Thank you everyone for continuing to send in your tithes and offerings to the church office. For the offerings that we have received this week, let us pray:

Prayer of Dedication:

We give you thanks, O loving God, that you have placed in the hearts of your faithful people the gift of generosity and the desire to do your will. Use these gifts to proclaim good news to all people. Amen.

Pastoral Prayer (with Lord’s Prayer):

A lot is happening in our world and in our nation so as we gather across time and space in this time of prayer, join me in taking some nice cleansing breaths as we calm our busy minds and open our hearts to the presence of the Prince of Peace. Let’s breathe [go 30 seconds]:

Let us pray for all the earth, the church, and all those in need, saying God of grace, hear our prayer.

Let us pray for the world:

for leaders of nations that wisdom and integrity will prevail for the good of all people, especially the poor and for regions torn by conflict that peace may reign and destruction end; God of grace, hear our prayer.
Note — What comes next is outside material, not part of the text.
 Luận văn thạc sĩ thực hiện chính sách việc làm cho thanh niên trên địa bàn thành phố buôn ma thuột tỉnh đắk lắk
Let us pray for all people of faith:

for the unity of the body of Christ, that divisions might not turn people away from the church; that wherever prayers are raised up, the one God of all will hear; and for all people who nurture life in the name of a greater good; God of grace, hear our prayer.

Let us pray for our own nation:

For the president and the president-elect, Congress, the Supreme Court, and all judges, for state governments, city councils, school boards, and all who have power to make policy, that all consideration be given to what is most healthy for all.

This week, as we witness again the transfer of power to a new administration that comes from our fair and just democratic process, may it be peaceful and may all of us unite behind your will for the good of all. God of Grace, hear our prayer.

Let us pray for those in need:

for all who are hungry in our nation and world, for those who have no home or employment; for parents and children who live in fear for any reason, and for all who are in mourning; God of grace, hear our prayer.

In the silence of this moment, we lift up those on our prayer list and those on our hearts [time of silence]. God of grace, hear our prayer.

O God, you have made us, formed us, and called us by name. Receive our prayers this day, in the name of the one who taught us to prayer saying: Our Father, who art in heaven, hallowed be thy name, thy kingdom come, thy will be done, on earth as it is in heaven. Give us this day our daily bread. Forgive us our debts as we forgive our debtors. And lead us not into temptation but deliver us from evil. For thine is the kingdom, and the power, and the glory forever. Amen.

Hymn of Dedication: #338 “He Leadeth Me, O Blessed Thought” (Verses 1&2)

1 He leadeth me: O blessed thought!

O words with heavenly comfort fraught!

Whate’er I do, where’er I be,

still ‘tis God’s hand that leadeth me.


He leadeth me, he leadeth me;

by his own hand he leadeth me:

his faithful follower I would be,

for by his hand he leadeth me.

2 Sometimes mid scenes of deepest gloom,

sometimes where Eden’s flowers bloom,

by waters calm, o’er troubled sea,

still ‘tis God’s hand that leadeth me.


Closing Words/Benediction:

Stop. Listen. Respond. Good words for our life. So, who are you mentoring? Who are you sharing your wisdom; your experience; your faith with? And who is mentoring you? May we all respond to Gods call like Eli and Samuel because they needed each other just as we need each other for this journey of life. You are so loved. Here is your virtual hug.

May the Lord bless you and keep you.

May the Lord be kind and gracious to you.

May the Lord look upon you with favor and grant you peace.

God’s Shalom! Today and every day! Amen.